A young woman who underwent a year of treatment for cancer is urging others in the same situation to get checked.
Gemma Wood was diagnosed with cancer of the rectum in November 2011, aged just 26.
She first saw her GP in January 2011, saying that she was bleeding every time she went to the toilet, and was suffering with indigestion. At the first appointment, Gemma said she thought she might have cancer but the doctor said it rarely affected young people.
At three further appoint-ments, she says she was diagnosed with piles and was eventually referred to Peterborough City Hospital for tests after a course of antibiotics didn’t help.
Following MRI tests, a CT scan, a biopsy and a flexi sigmoidoscopy, a polyp was found on Gemma’s rectum and she was told on November 15 that it was cancerous.
Doctors were concerned the grape-sized tumour was starting to grow into her bowel.
That day, she saw an oncologist and was given the opportunity to have her eggs harvested as she was told she could be left infertile. She declined as she didn’t want to delay the cancer treatment.
Gemma, now 27, said: “The day before I was due to get the results I was a nervous wreck and when they told me, it was the worst day of my life. I started shaking and then I got really angry.”
Gemma, a catering manager at Rutland Water Golf Course, underwent four cycles of chemotherapy over three months. Side effects included including pins and needles, weight loss and feeling tired and cold.
She then had a five-week course of radiotherapy and by the time she had an operation to remove the tumour on July 19, it had shrunk to the size of a mouth ulcer.
Gemma had two further courses of chemotherapy before being given the all clear on December 20. She will have tests every six months for two years and will be monitored for the rest of her life.
Throughout it all, she has been supported by her parents Debbie and Andy Wood and younger brother Ryan, 24.
Despite the treatment having left her infertile and needing an ileostomy bag, Gemma said she felt lucky.
She said: “Getting the all clear was a really weird feeling and I still feel emotional whenever I think about it and wonder why it happened to me.
“It was like I was removed from my life for a whole year and it is taking me a bit of time to get used to not having hospital appointments all the time. But I’ve got a different perspective on life now.
“I used to worry about little things and now I know how important friends and family are. The things that really matter are being happy and healthy.”
Gemma, of Pinfold Close, South Luffenham, has shared her story to raise awareness that cancer can strike anyone.
A new report by Bowel Cancer UK found 42 per cent of women saw their GP more than five times before being referred to a specialist or were diagnosed as an emergency before being referred. The report also found 25 per cent of people waited more than six months before going to see their GP.
The report was released ahead of Bowel Cancer Awareness Month in April.
Gemma urged people with any concerns to visit their GP and press them for tests.
She said: “It was a bit embarrassing to go to the doctors but if I hadn’t done anything about it, I wouldn’t be here now.”
Gemma has been supported on Twitter and welcomes anyone going through the same thing to follow @Gemlouwoo85.
She took part in Race for Life in Stamford last year, having just finished radiotherapy and raised £2,500. She will take part in this year’s event on June 2.

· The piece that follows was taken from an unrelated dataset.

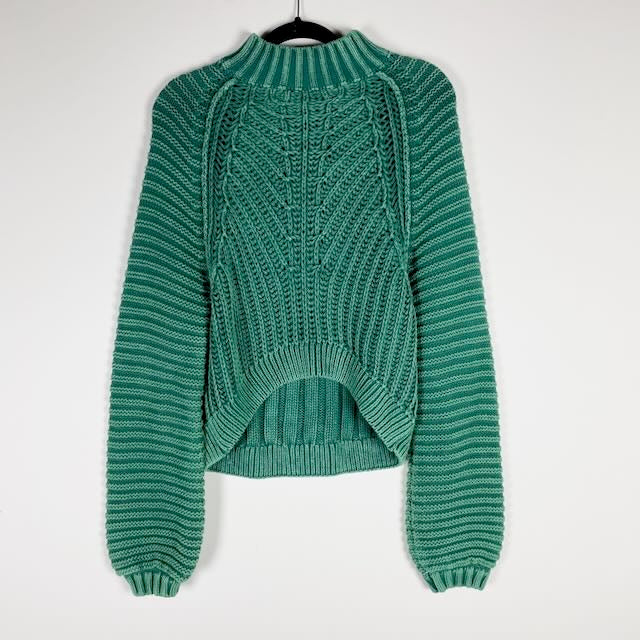Free People Sweetheart Cotton Chunky Knit Cotton Mock Neck Sweater Botany Green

Gemma is also planning to hold a charity ball in the summer at Rutland Water Golf Course to raise funds for Peterborough City Hospital, where she was treated.
She said her team at the hospital were “amazing”.
Her father Andy is also hosting a charity dinner at North Luffenham Golf Club on June 8, when the meal will be cooked by 2012 MasterChef The Professionals winner Keri Moss. Tickets are £60 each and can be booked by calling 01780 721960. Proceeds will go to Bowel Cancer UK.